#### DATA ####
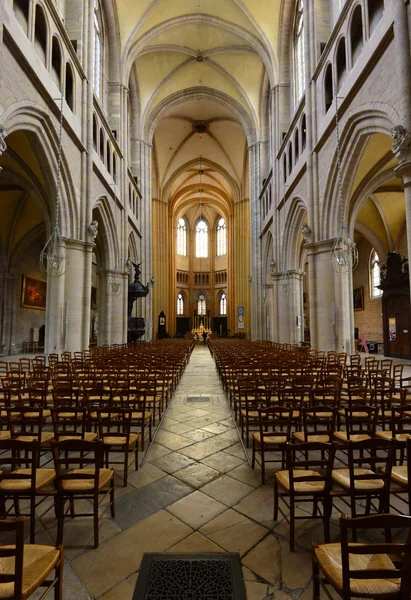 Dijon, Frankrijk - april 22 2016: kathedraal — Stockfoto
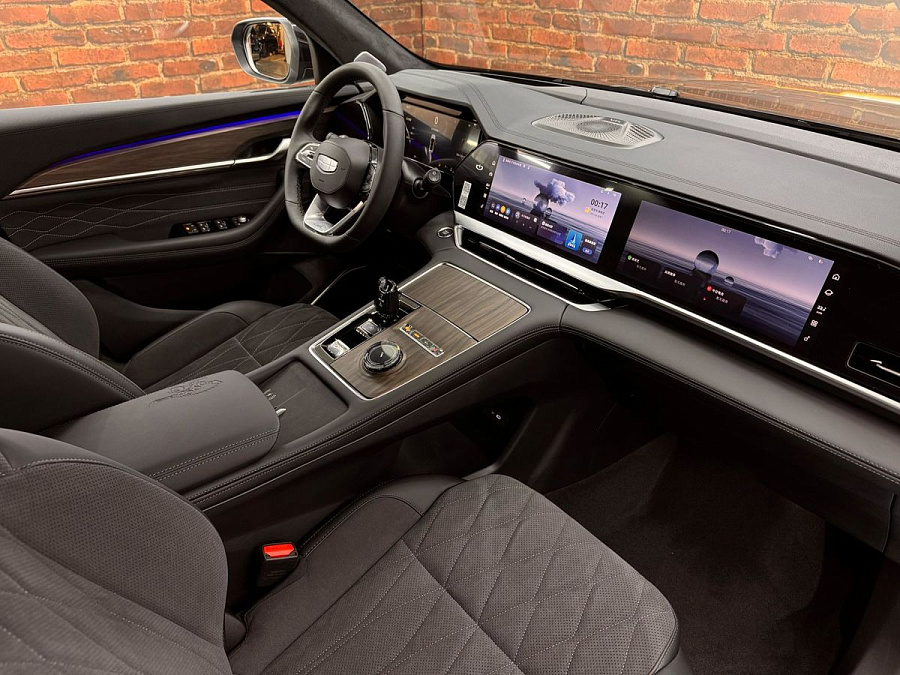 Geely Monjaro, 2025г., передний привод, автомат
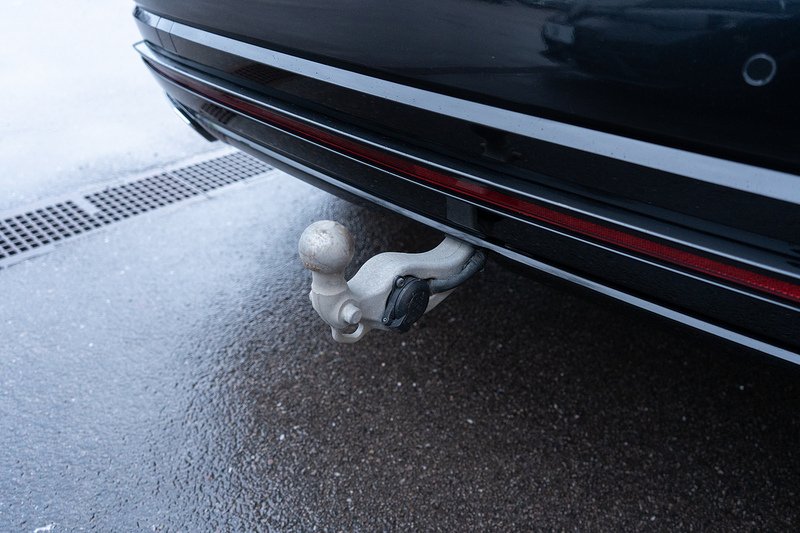 Volkswagen Touareg TDI V6 Black Edition - U5198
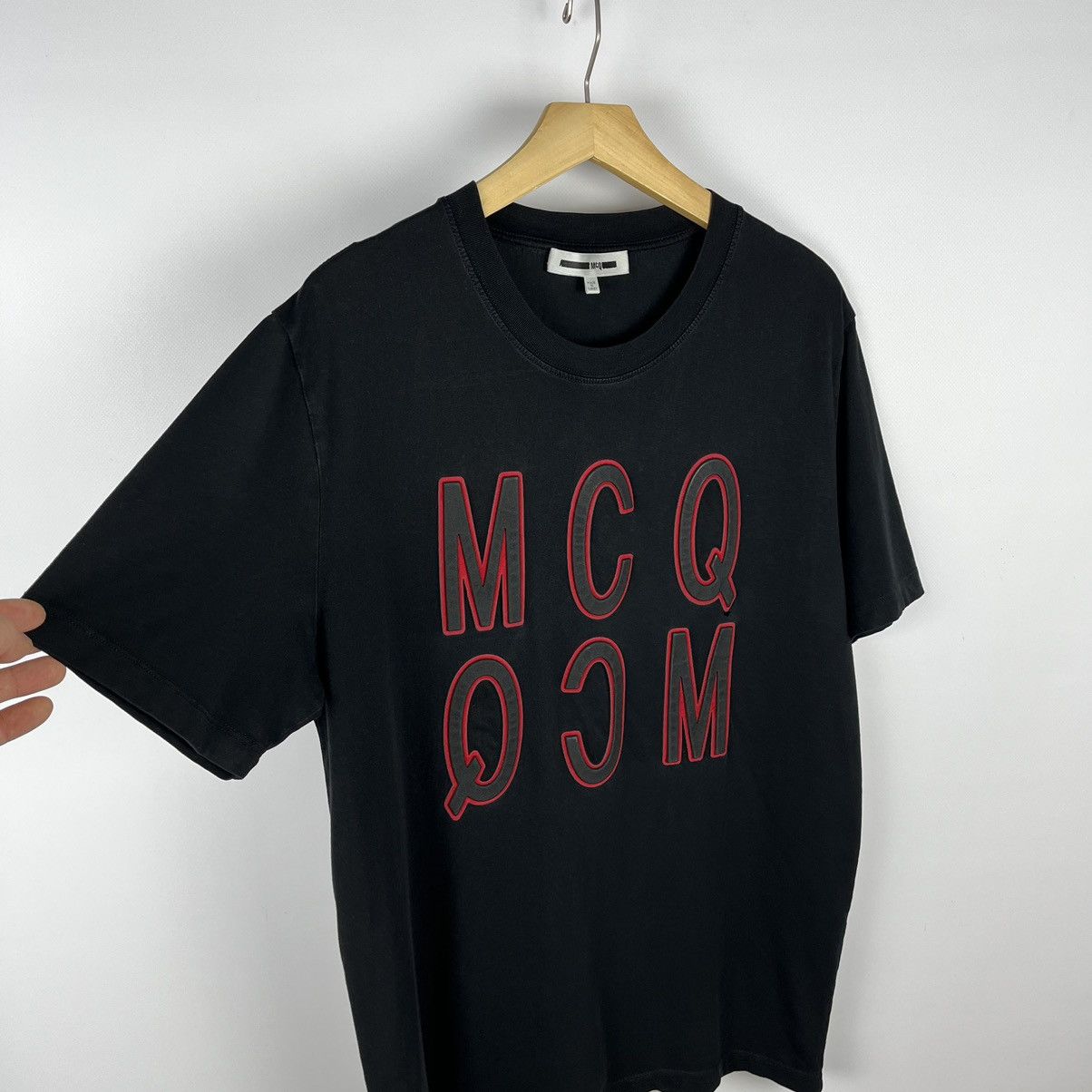 Alexander McQueen Designer Alexander McQueen big logo MCQ tee Size US XL / EU 56 / 4 - 6 Thumbnail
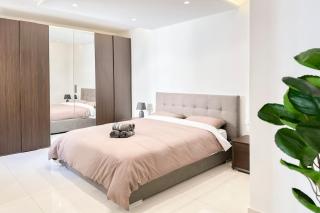Penthouse with Seaviews and Country views, near Beaches - 3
####
Each record must be repeated exactly, and no picture may be carried over.

 Dijon, Frankrijk - april 22 2016: kathedraal — Stockfoto
 Geely Monjaro, 2025г., передний привод, автомат
 Volkswagen Touareg TDI V6 Black Edition - U5198
 Alexander McQueen Designer Alexander McQueen big logo MCQ tee Size US XL / EU 56 / 4 - 6 Thumbnail
Penthouse with Seaviews and Country views, near Beaches - 3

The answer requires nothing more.